Is it possible to show tremendous range while also being typecast? If it is, Paul Rudd has done the trick before our very eyes for the past decade-plus, playing the charming, understated funnyman in almost every movie he's been in, all the way back to Clueless.
Each time we love him, and each time there's a bit of a twist. In Knocked Up, he's the henpecked husband. In I Love You, Man he's the model fiance in need of more male bonding time. And in Our Idiot Brother, which hit theaters this past weekend, he's the quintessential lovable loser, a spaced-out stoner who is honest and genuine to a fault (and often to his own detriment).
It never seems to get old with Rudd, no matter how many times he plays roughly the same good-hearted character, and Our Idiot Brother simply continues that trend.
If you've seen the trailer for this movie, you already know how it begins. Ned, played by Rudd, is "tricked" into selling marijuana to a uniformed police officer at a local farmer's market. As a result, he's forced to spend a spell in prison, and after he's paroled, he returns to his farm to find that his girlfriend has replaced him with another clueless stoner. To make matters worse, she dispatches him from the farm without his dog, Willie Nelson.
The dog is aptly named because Ned seems to be living a Country Western tune. He's forced to turn to his mother and three sisters for support. From a distance, he's the black sheep and family screw-up, but as he bounces around from sister to sister, it's very clear that they need his help more than he does theirs.
Liz, played by Emily Mortimer, is trapped in a loveless and unfaithful marriage. Miranda, played by Elizabeth Banks, is the career-driven control freak whose micromanaging and obsession with success leads her to compromise her morals while being completely uncompromising over matters of the heart. Natalie, played by Zooey Deschanel, is a sexually confused lesbian (apparently) with commitment issues.
Ned has something to teach all of them, and the lessons usually flow from the happenstance of his oh-I-thought-you-knew honesty rather than any real conviction or plan to help his siblings. The odd thing is Ned's sisters are actually unworthy of him and his golden heart. The trio are cliches -- the souped-up pseudo-women we see all the time in run-of-the-mill romantic comedies. That little fact would be a lot more bothersome if it wasn't for the charming Ned, a caricature in his own right, who manages to keep us laughing as he migrates from sisterly couch to sisterly couch.
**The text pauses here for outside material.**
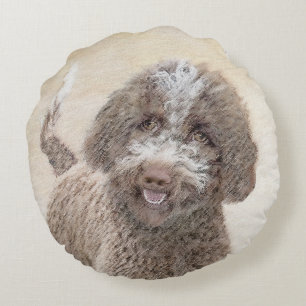 Lagotto Romagnolo Malerei - Niedliche Original Dog Rundes Kissen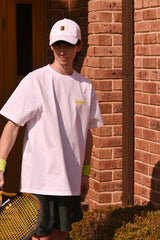 テニスボールクルーネックホワイトユニセックスTシャツ / Tennis ball crew neck white Unisex T-shirt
As you might guess with a comedy of this nature, things get really screwed up before everyone realizes how special and important Ned is to them. Eventually, a lovely bow is tied on everything There's plenty to nitpick here, even beyond the cliche female leads and the absurdity of Rudd's character, but there are plenty of laughs along the way and a nice, warm, fuzzy feeling at the end that seems to borrow in style ever so slightly from the less -- ahem -- tactful 500 Days of Summer. 30 Minutes or Less, to name one of the other big comedies of this summer season, could have used Our Idiot Brother's sensibilities, to say nothing of that film's flimsy premise.
Or it just could have used Paul Rudd. Maybe he and his agent simply choose scripts wisely. Maybe it's something else. Either way, almost everything he turns up in seems to leave you with a smile on your face.